There are three questions people tend to ask me these days. The first is 1) How did you become interested in the paranormal, followed by 2) How do people in the paranormal community react to you being a Muslim. Finally, someone gets around to 3) How did you become a Muslim in the first place?
Raised in the rural South, I was christened Methodist and reared Southern Baptist. I went to school with fellow Baptists and Methodists, plus Mennonites and Pentecostal Holiness. Because I was tucked away so far in the woods, I didn’t meet anyone who was Catholic or Jewish until I moved to the big town when I was 16 years old. How I stumbled into Islam is interesting, but not part of this particularly blog entry. Nor am I going to talk about how I became interested in ghost hunting. You’ll just have to read my book to hear that story.
I will address question number two: How do people in the paranormal community react to you being a Muslim? And I’ll add a second part: How do Muslims react to me being a ghost hunter?
The Paranormal Community
First, the paranormal community has been really supportive and genuinely interested in my personal beliefs. This is quite profound, as there are large segments of the community that are politically conservative. Unfortunately, there are even larger segments of American society that are Islamophobic. The paranormal community is really tolerant when it comes to spiritual beliefs. It is one of those rare places a Catholic priest can meaningfully interact with Wiccans and psychics. I commend the community for being so accepting and tolerant.
Other Muslims?
Honestly, I have no idea how Muslims will respond to this. I know there are Muslims who are fans of paranormal reality TV, and there are even a few doing research. A young white woman in Virginia recently identified herself as Muslim. I also stumbled across a Muslim-martial-arts-ghost-hunting group in Singapore, as a matter of fact. My jaw dropped. Seriously. I am so curious to know if they actually do martial arts during investigation.
Here is what I will tell Muslims, or anyone else who want to know about my journey:
First, it has been a struggle for me to so publicly engage with something currently deeply embedded in pop culture. I appreciate academic stuff. I use big words and postulate with the language of postmodernism and poststructuralism. Academics words ending with -ology have no place in ghost hunting (at least, at the grassroots level). I’m married to a United Nations diplomat who is a Nobel Peace Prize co-laureate; his mere existence has made the world a better place. So, my seemingly banal hobby of “ghost hunting” is a hard one to justify.

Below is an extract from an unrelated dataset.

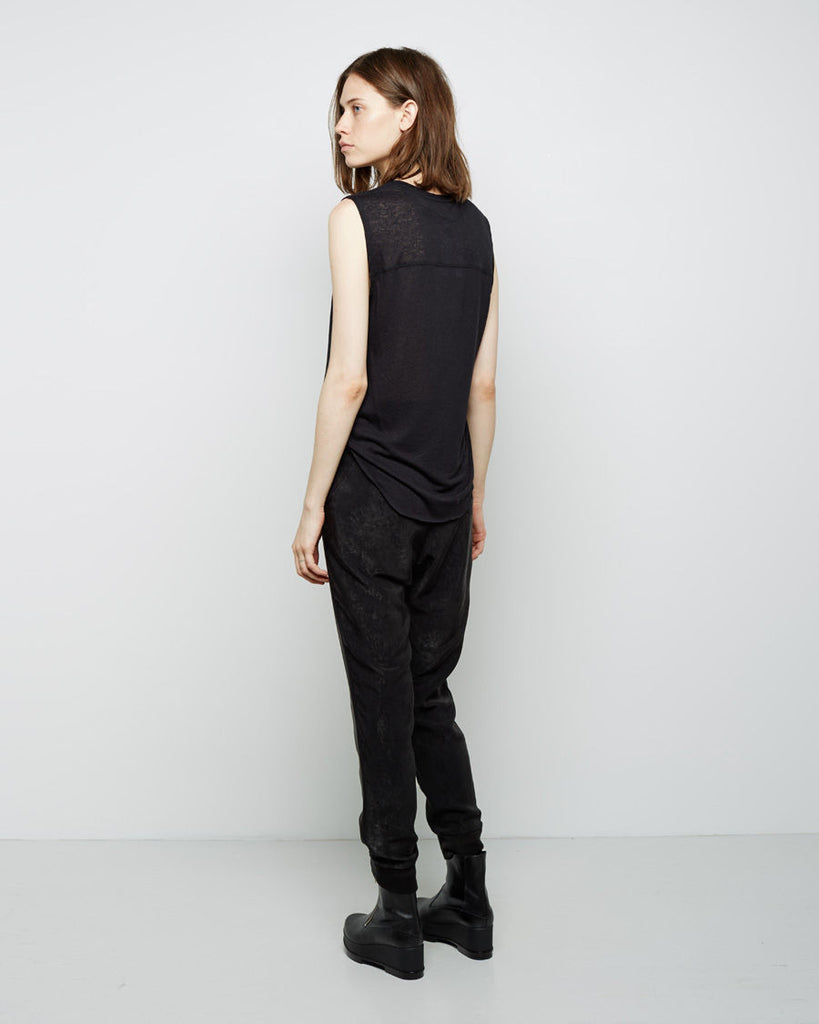 Velvet-Effect Sweatpant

But…it has allowed me to rediscover my American identity after years of being, well, a different kind of American. I was one who lived abroad, negotiated my daily existence in a cross-cultural marriage. I eat macaroni-n-cheese with tandoori chicken. Most of my friends over the past decade have been as hybrid and global as myself, so I lost touch with my rural, Southern upbringing.
Paranormal investigation gave that back to me, in a way. For the first time in almost two decades, I started interacting with down home folks, with (gasp!) Republicans and even (double-gasp!) Tea Partyers. Ghost Hunters, the SyFy show, unveiled more than ghosts – it allowed me to rediscover the America within myself.

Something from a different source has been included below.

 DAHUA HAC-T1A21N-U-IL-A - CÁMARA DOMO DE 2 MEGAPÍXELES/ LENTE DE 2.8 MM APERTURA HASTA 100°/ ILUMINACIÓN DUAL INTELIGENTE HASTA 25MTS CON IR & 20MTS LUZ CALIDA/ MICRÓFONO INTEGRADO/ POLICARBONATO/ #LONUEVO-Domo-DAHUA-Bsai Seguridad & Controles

Many people find the paranormal as an outlet for spirituality and personal identity. Part of this journey requires engaging local history, personal stories, and recalibrating how one sees the world. Mine merely occurred with globalism as the backdrop. And, for the record, I’ve shared this story with Ghost Hunter’s cast members, Jason Hawes and Grant Wilson. Again, you’ll just have to buy my book if you want to read more.

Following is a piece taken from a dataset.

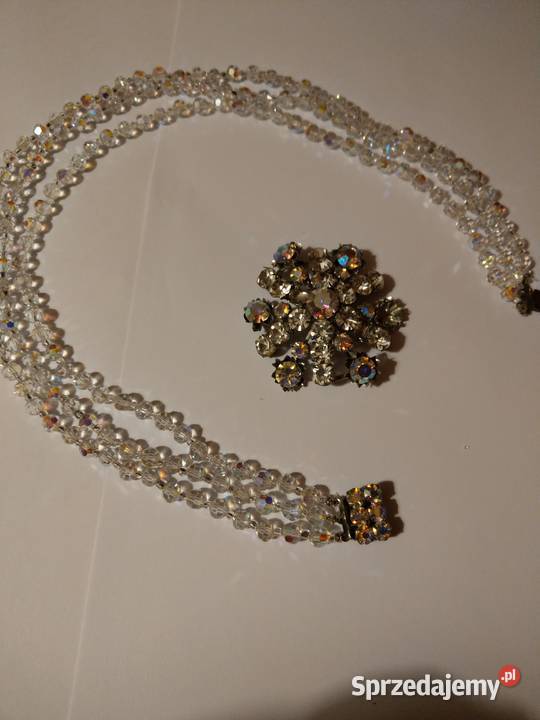 Korale i broszka Cieszyn sprzedam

Finally, ghost hunting has allowed people to interact with me, a covered Muslim chick, in a way devoid of politics. Think about it: every time a Muslim speaks or tweets, it is always within a political context. If you see a Muslim on CNN – it has something to do with politics. See a Muslim comedian – and they are making fun of those who make fun of Muslims (and it is funny). See a Muslim on TV – and again, stereotyped, clichéd politics. There is rarely a moment a Muslim can transcend political baggage and just be cool. That space of coolness is where people connect. After all, pop culture is where cultural meaning is created, and it is also the space of social change. To be Muslim ghost hunting girl makes me part of a larger cultural pulse, and I am really proud of that.